The task: Your job is to print, exactly, the lines in the data below from the line with "Sourcils clairsemés : cette" through the line with "Sahalahden kirkon julkisivua", both included, and to omit any picture.

Data excerpts:
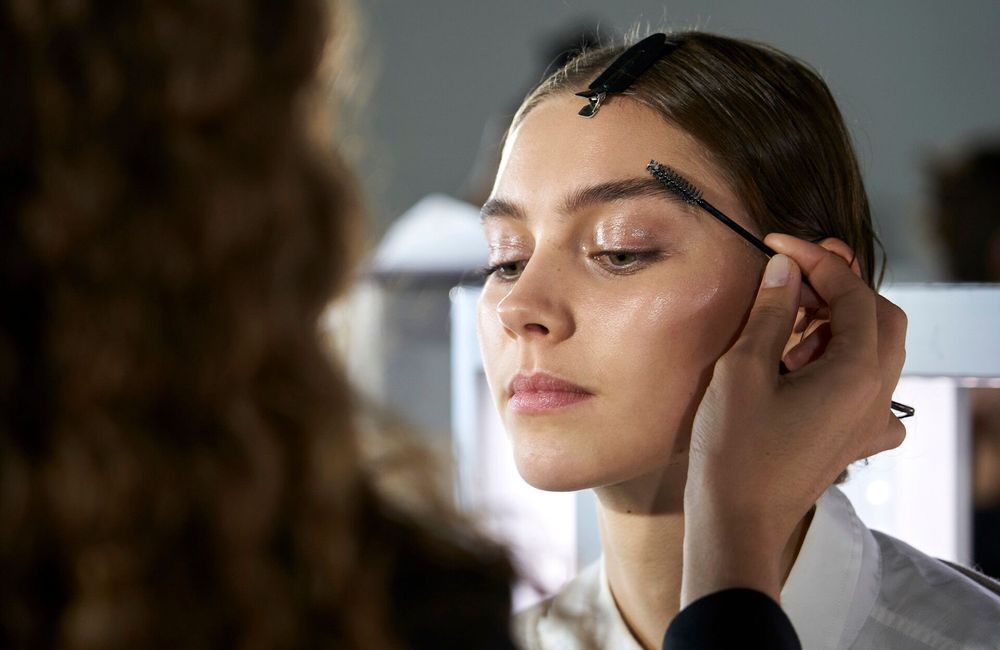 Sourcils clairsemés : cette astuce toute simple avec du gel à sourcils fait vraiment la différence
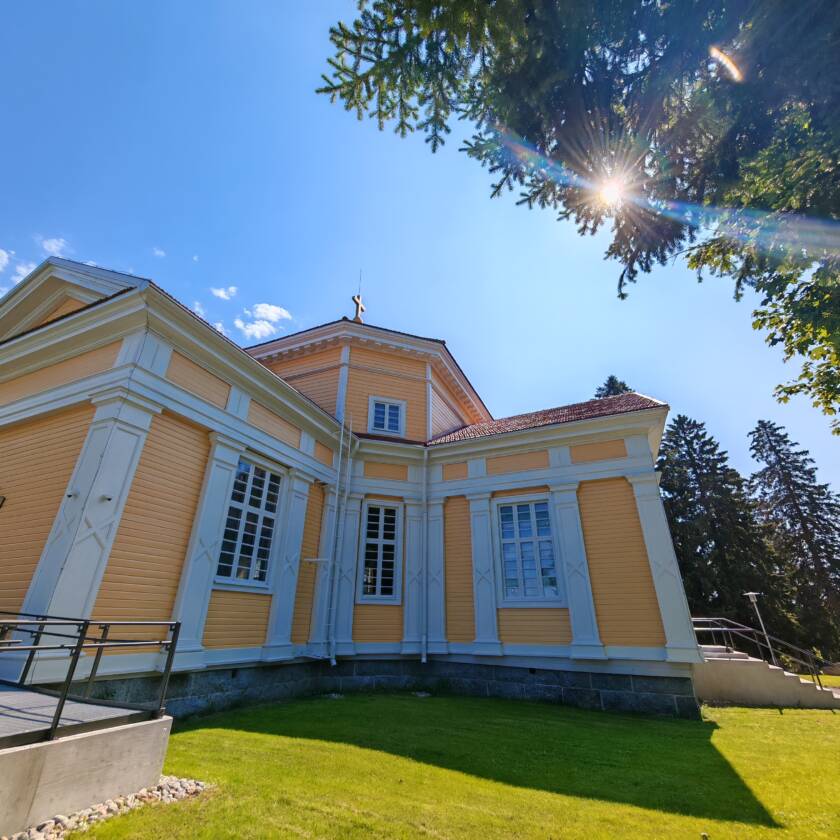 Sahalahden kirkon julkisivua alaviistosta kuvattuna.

--

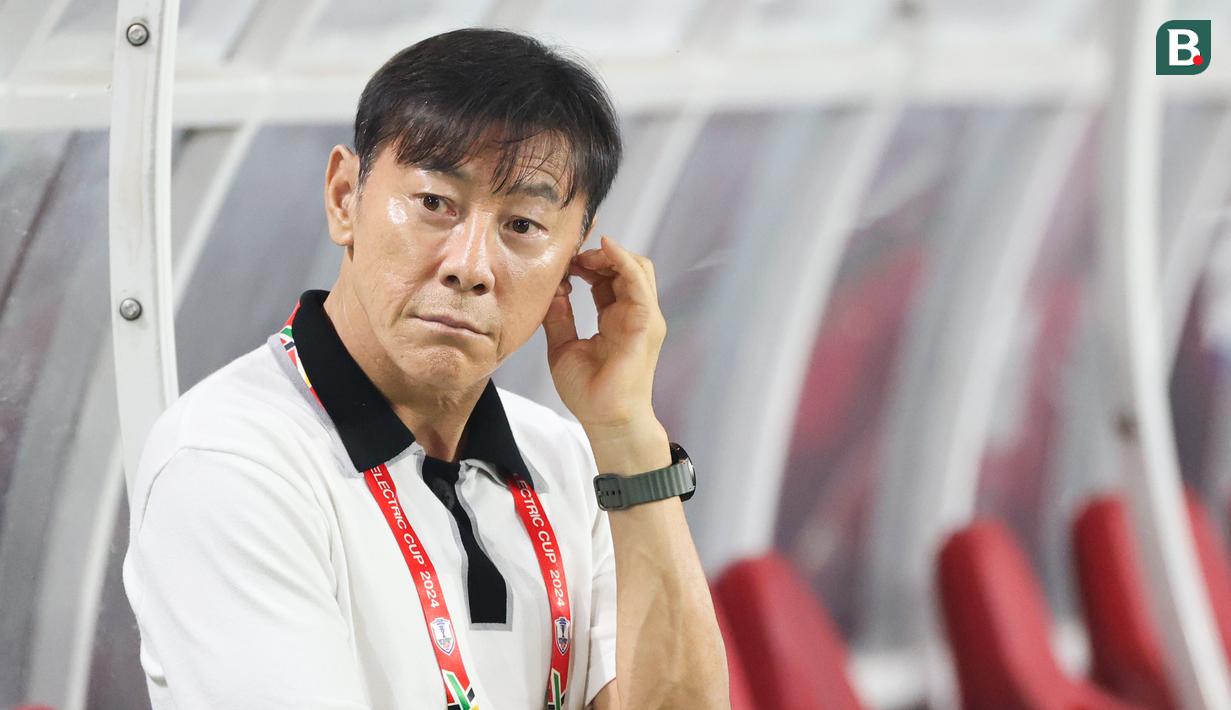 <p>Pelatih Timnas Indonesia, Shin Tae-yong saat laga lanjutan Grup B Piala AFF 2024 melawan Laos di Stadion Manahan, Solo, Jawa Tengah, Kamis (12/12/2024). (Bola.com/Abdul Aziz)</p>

Final answer:
 Sourcils clairsemés : cette astuce toute simple avec du gel à sourcils fait vraiment la différence
 Sahalahden kirkon julkisivua alaviistosta kuvattuna.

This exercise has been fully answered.